Two major chemical processes, acidobasic and redox, track the adsorption mechanism on metal oxides. Molecular and dissociative adsorption on stoichiometric surfaces can be understood as acid–base processes. Clean and anhydrous surfaces of metal oxides have two different active sites: cations and anions. Electron-rich molecules or fragments arising from a heterolytic bond cleavage (Lewis bases) react with M n+ , while electron poor ones (Lewis acids) react with O 2−. The MgO and TiO 2 surfaces clearly appear to be predominantly acidic and molecules that do not dissociate generally bind to the metal cation. The electronic structure, insulating character for the stoichiometric surface, is preserved upon adsorption. When the initial system does not favor an energy gap (open-shell adsorbates, defective surfaces), the best adsorption mode is via a redox mechanism that restores the situation of an insulator and the highest oxidation states for all the atoms.

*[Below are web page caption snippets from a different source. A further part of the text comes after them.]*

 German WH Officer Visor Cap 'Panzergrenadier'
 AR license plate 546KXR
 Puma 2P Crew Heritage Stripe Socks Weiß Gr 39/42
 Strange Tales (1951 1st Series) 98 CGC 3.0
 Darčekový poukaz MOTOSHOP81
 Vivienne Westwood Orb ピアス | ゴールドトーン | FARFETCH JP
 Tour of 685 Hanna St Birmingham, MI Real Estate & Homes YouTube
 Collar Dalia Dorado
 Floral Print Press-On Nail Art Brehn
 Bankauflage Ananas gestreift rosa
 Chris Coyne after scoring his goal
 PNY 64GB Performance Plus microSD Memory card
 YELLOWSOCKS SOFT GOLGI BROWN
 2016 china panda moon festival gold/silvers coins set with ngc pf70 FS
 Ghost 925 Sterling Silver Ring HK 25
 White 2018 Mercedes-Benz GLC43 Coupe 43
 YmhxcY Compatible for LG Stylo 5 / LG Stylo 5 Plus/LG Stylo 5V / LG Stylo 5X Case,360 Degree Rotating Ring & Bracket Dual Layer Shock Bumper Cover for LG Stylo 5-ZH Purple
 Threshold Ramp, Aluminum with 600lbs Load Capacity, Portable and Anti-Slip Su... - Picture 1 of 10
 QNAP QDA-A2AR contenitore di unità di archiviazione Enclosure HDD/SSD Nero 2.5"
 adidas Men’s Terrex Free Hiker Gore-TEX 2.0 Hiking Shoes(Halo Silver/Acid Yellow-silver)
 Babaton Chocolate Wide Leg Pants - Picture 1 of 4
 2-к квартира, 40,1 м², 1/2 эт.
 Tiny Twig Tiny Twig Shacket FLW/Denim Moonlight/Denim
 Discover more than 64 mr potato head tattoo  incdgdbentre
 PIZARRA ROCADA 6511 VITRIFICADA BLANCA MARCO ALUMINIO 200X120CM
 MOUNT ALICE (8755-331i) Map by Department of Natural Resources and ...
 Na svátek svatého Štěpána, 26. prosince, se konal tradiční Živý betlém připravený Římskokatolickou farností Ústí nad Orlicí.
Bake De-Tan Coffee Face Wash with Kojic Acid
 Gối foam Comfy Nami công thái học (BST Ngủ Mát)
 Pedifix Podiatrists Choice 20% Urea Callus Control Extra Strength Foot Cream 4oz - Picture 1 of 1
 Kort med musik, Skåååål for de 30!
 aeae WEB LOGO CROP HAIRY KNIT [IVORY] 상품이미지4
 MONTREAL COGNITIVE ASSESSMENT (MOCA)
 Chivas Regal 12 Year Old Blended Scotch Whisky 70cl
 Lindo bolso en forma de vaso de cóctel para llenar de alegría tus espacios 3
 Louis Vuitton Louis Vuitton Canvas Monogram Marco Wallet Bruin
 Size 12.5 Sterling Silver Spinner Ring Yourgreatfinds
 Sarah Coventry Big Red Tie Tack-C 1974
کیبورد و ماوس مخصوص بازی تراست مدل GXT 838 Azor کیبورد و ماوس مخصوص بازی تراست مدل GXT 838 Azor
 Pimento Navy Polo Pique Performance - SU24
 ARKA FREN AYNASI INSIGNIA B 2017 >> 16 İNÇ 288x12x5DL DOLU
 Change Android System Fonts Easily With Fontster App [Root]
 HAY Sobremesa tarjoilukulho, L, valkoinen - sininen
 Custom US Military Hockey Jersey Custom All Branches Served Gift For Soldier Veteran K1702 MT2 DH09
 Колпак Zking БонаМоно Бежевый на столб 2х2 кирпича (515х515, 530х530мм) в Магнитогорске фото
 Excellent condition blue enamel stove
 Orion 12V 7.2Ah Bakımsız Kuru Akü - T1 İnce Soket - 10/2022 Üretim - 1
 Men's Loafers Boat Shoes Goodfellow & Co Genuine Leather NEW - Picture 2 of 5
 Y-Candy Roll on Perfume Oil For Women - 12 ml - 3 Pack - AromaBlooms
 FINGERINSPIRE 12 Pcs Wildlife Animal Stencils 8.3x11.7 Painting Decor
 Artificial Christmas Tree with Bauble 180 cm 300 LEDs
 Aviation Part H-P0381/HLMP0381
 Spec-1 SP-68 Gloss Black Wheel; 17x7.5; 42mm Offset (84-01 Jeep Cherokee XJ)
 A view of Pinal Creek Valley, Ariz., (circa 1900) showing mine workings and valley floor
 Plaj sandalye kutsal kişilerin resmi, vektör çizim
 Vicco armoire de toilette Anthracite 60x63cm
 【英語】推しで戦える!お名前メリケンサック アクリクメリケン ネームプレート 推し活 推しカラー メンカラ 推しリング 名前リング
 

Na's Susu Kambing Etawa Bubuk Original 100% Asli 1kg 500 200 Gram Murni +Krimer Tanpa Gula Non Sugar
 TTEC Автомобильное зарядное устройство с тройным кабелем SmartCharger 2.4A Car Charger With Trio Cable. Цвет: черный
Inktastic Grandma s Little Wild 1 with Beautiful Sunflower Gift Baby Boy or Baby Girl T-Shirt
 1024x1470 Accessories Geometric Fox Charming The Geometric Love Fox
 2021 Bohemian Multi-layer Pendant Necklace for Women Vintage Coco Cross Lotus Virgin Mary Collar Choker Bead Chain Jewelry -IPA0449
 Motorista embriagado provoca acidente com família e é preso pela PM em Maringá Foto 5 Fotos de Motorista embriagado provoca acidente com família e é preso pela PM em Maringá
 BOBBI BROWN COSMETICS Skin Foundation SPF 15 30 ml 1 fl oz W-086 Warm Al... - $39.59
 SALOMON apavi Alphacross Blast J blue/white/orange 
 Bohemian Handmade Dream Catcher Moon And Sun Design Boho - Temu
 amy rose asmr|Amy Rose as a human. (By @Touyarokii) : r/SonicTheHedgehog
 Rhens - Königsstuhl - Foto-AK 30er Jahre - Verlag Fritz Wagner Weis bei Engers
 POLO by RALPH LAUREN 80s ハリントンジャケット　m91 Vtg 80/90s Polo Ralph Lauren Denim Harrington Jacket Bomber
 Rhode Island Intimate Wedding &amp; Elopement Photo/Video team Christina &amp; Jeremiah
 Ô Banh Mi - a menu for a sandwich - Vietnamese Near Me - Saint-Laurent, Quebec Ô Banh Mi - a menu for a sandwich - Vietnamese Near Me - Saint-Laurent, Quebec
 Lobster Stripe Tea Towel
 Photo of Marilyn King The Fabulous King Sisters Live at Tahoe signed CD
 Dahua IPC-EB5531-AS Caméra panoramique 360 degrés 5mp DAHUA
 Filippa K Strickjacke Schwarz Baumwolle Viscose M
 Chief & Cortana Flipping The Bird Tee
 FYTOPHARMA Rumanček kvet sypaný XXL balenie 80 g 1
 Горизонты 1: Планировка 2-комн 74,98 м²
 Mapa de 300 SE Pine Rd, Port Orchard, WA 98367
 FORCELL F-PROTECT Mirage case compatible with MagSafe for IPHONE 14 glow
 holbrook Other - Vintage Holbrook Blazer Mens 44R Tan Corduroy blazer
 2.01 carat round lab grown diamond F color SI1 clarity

For radical adsorption a first solution occurring on irreducible oxides is to couple the electrons and form two opposite ions adsorbed on the two surface sites, as for H 2/MgO, involving an acid–base mechanism. Another possibility occurring on reducible oxide is via an electron transfer to or from the oxide (redox mechanism). The electron transfer occurs from the substrate to the adsorbate for electronegative group (Cl adsorption on O) or the other way around for an electropositive one (NO adsorption on M). The reactivity at surfaces deviating from stoichiometry differs from that on the perfect ones. The difference does not only originate from the modification of the coordination number but also from the electron counting.